Albert Guy Pawson (30 May 1888 – 25 February 1986) was a British colonial administrator who incidentally happened to play a few first-class cricket games while at university.

He was educated at Winchester College and Christ Church, Oxford, and most of his matches were for the Oxford University cricket side, but he did make one appearance in county cricket, playing for Worcestershire against Oxford in 1908. He also had one game for a combined Oxford and Cambridge Universities team.

He made his first-class debut for Oxford against the Gentlemen of England at The University Parks in May 1908. Pawson played a number of times for Oxford during the following three seasons. His final appearance was in the Varsity Match against Cambridge at Lord's in July 1911.

Two of his relatives played first-class cricket: his son Tony played 69 first-class matches, being capped by Kent in 1946 as well as appearing for Oxford and the Gentlemen, while his brother Arthur played a handful of games for Oxford in 1903.

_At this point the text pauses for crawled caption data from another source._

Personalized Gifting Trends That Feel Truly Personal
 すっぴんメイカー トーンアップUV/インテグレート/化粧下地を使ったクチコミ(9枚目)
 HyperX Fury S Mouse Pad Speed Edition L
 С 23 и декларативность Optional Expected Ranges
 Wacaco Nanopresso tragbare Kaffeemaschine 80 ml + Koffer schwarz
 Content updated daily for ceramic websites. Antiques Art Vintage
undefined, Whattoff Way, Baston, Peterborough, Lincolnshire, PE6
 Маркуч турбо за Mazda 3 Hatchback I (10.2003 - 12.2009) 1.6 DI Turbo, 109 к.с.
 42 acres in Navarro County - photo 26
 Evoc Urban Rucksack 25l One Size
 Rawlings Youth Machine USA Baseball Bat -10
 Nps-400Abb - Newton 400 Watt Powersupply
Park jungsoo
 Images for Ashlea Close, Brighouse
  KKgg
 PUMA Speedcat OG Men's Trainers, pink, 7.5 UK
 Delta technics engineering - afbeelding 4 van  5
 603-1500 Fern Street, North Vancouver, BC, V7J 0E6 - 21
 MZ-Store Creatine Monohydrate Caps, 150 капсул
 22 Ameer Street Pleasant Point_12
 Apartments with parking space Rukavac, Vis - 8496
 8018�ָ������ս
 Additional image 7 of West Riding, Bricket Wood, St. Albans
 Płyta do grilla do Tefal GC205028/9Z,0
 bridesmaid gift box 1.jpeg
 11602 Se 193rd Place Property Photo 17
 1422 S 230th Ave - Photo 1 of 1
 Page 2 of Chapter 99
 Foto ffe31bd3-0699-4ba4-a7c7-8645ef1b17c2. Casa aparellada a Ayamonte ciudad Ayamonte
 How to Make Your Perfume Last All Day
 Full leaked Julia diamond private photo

Pawson joined the Sudan Civil Service in 1911 and was Governor of White Nile Province between 1927 and 1931 and of Upper Nile Province from 1931 until 1934. He was Secretary of the International Rubber Regulation Committee between 1934 and 1942, worked at the Colonial Office from 1942 to 1944, then was Secretary of the International Rubber Study Group from 1944 to 1948 and its Secretary-General 1948–60. He was awarded the 4th class of the Order of the Nile in 1924 and appointed CMG in the 1935 New Year Honours.